■ Exercise data:
● ● ● ●
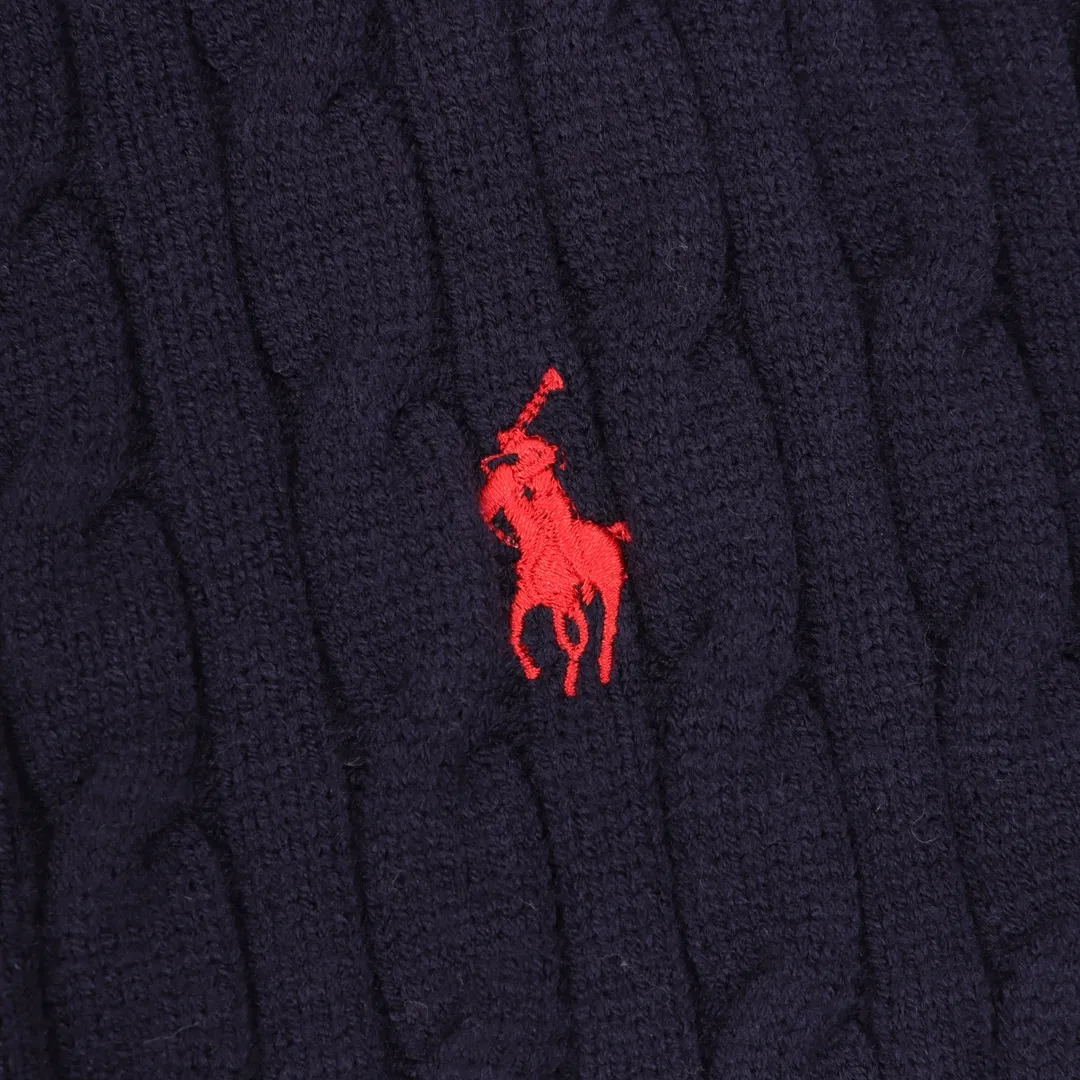 🅿️520 Ralph Lauren 25FW small label knitted zipper jacket Ralph Lauren (RALPH LAUREN) is the "American classic" brand in the fashion industry. Founded by Mr. Ralph Lauren in 1968, it is a high-end fashion brand with a strong American flavor. The styles are highly stylized and should be regarded as the clothing brand that best represents American culture (this can be seen from the fact that the uniforms of the US team in many Olympic Games have been provided by Ralph Lauren). Size: S M L
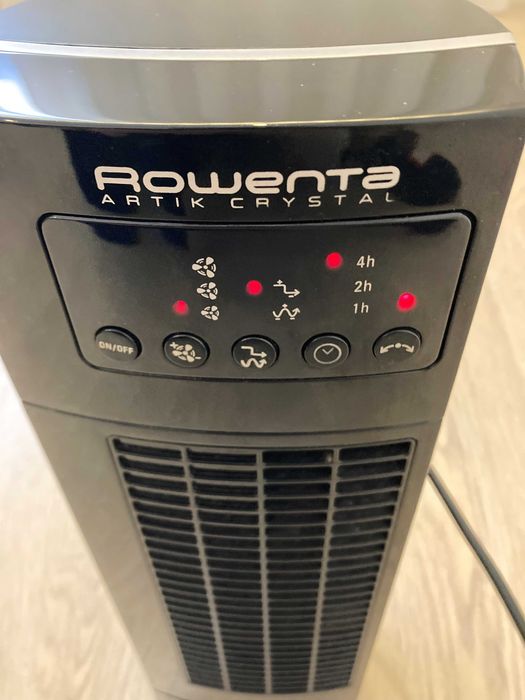 Coluna de Ar ROWENTA VU9050F0 (como nova)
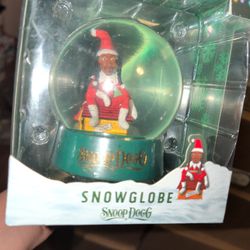 Snoop On The Stoop  New 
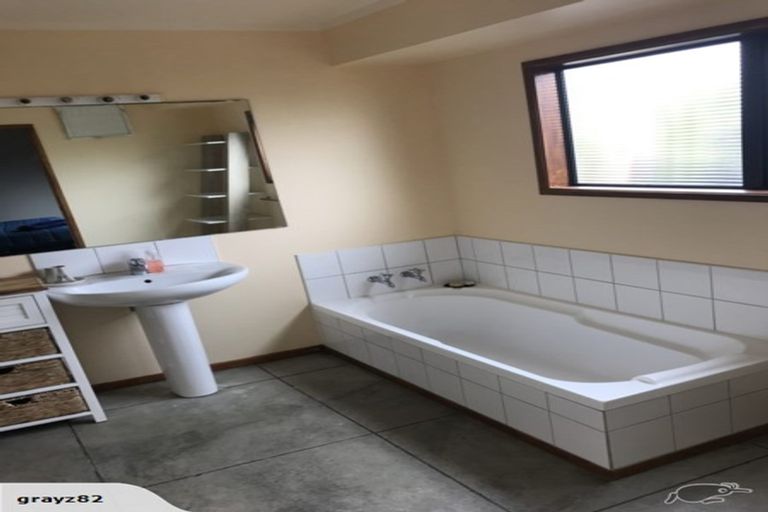 Photo of property in 40 Harbour Road, Ohope, 3121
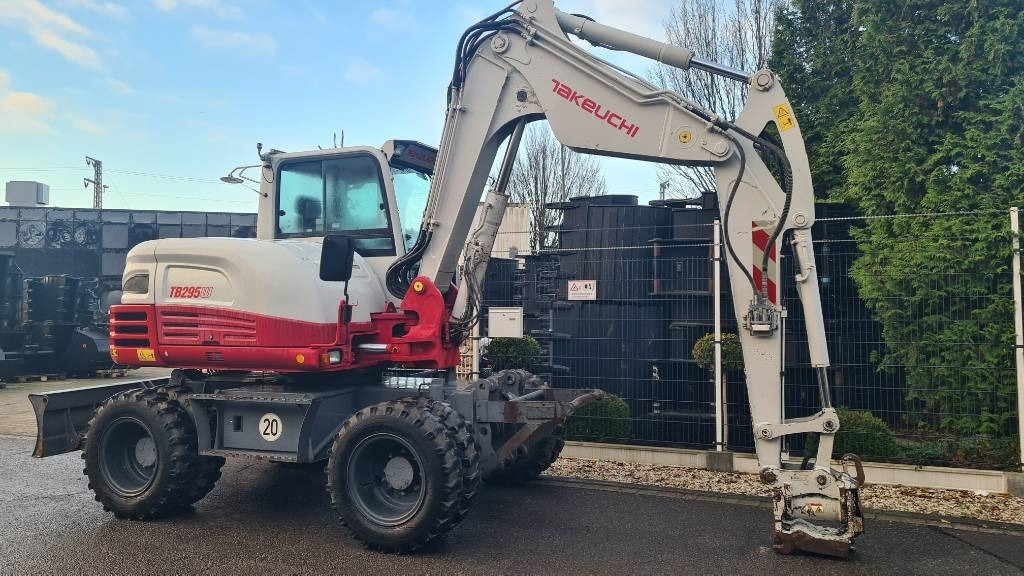 Takeuchi TB 295 W, Powertilt, Schnellwechsler MS08, Klima - Колёсный экскаватор: фото 2 Takeuchi TB 295 W, Powertilt, Schnellwechsler MS08, Klima - Колёсный экскаватор: фото 2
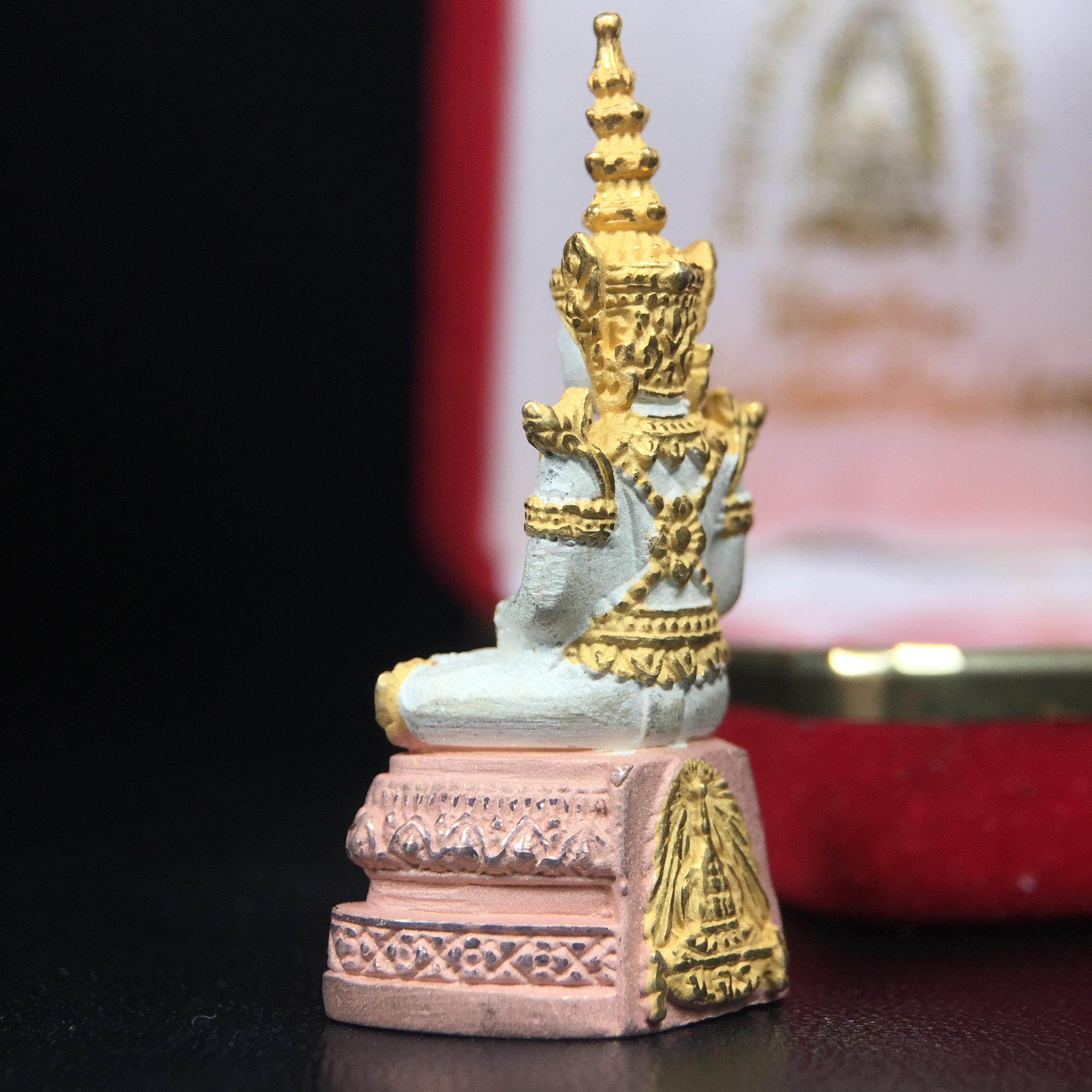 พระพุทธมหามณีรัตนปฏิมากร (พระแก้วมรกต) มหาจุฬาลงกรณราชวิทยาลัย(มจร.) วังน้อย พระนครศรีอยุธยา ปี 2543 พิธีมหาพุทธาภิเษก ณ วัดพระศรีรัตนศาสดาราม (วัดพระแก้ว) ในพระบรมมหาราชวัง เนื้อเงินสามกษัตริย์ (ตอกโค๊ตหมายเลข 181)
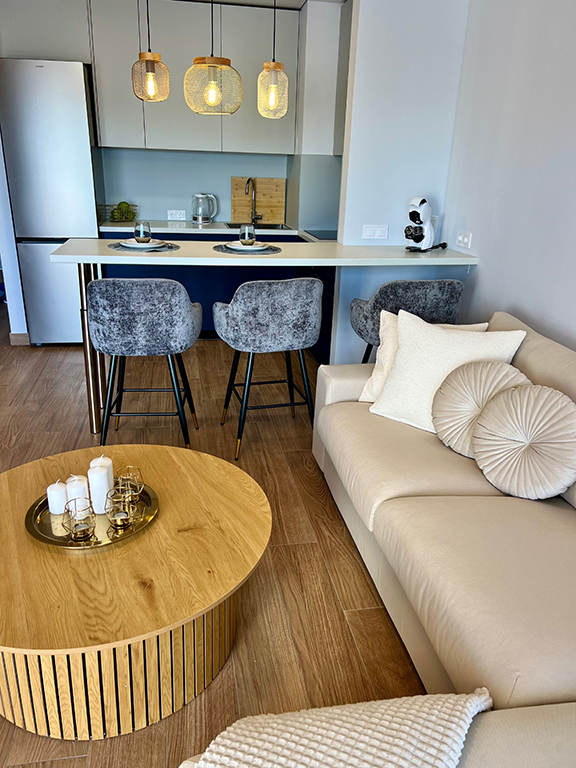 A functional kitchenette with dining area, designed as an open and comfortable daytime zone.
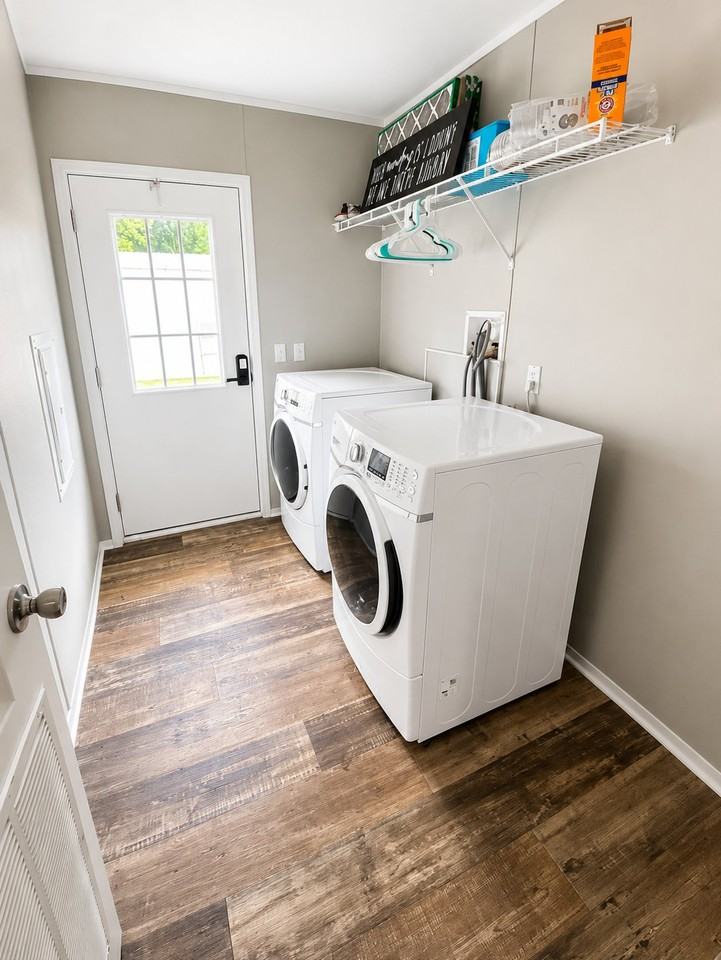 111 Audubon Ave - Photo 6 of 9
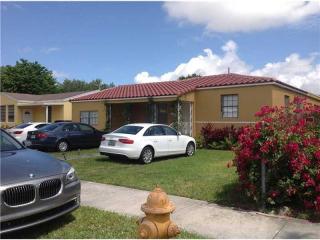 4461 3rd St, Miami FL  33126-5323 exterior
● ● ● ●
■ Your instructions: Your output should be exactly the lines of the records above from the one with "A functional kitchenette" through the last, both ends included, with pictures excluded.

■ Task solution:
 A functional kitchenette with dining area, designed as an open and comfortable daytime zone.
 111 Audubon Ave - Photo 6 of 9
 4461 3rd St, Miami FL  33126-5323 exterior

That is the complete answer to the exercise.